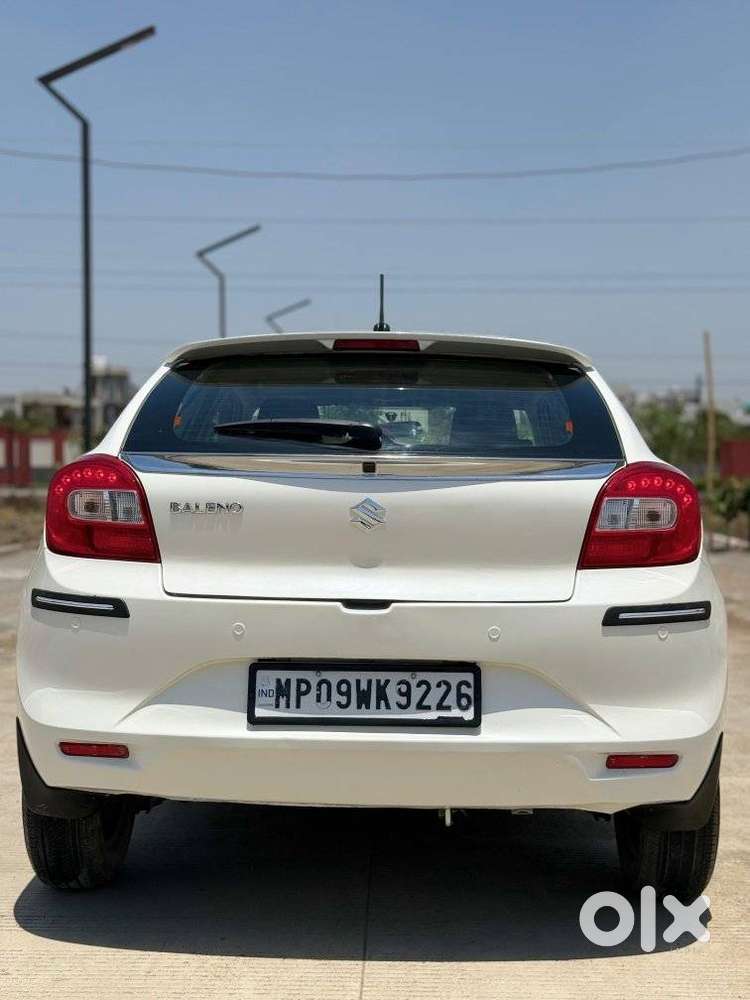 Maruti Suzuki Baleno Delta, 2022, Petrol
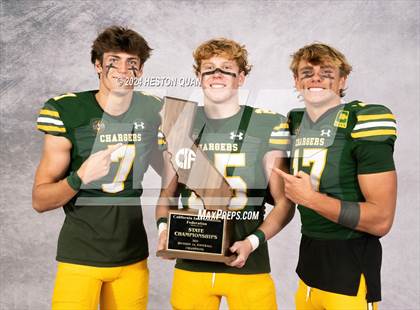 Thumbnail 3 in Edison (CIF State D1A Champions) photogallery.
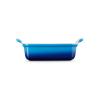 Zapékací mísa HERITAGE 19 cm, 1,1 l, AZURE, kamenina, Le Creuset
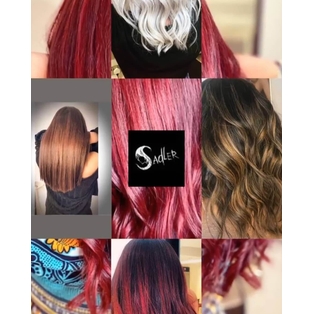 Winner Supplied Image - Sadler Hair and Beauty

## TASK
Print the data above exactly, minus pictures.

## ANSWER AREA
 Maruti Suzuki Baleno Delta, 2022, Petrol
 Thumbnail 3 in Edison (CIF State D1A Champions) photogallery.
 Zapékací mísa HERITAGE 19 cm, 1,1 l, AZURE, kamenina, Le Creuset
 Winner Supplied Image - Sadler Hair and Beauty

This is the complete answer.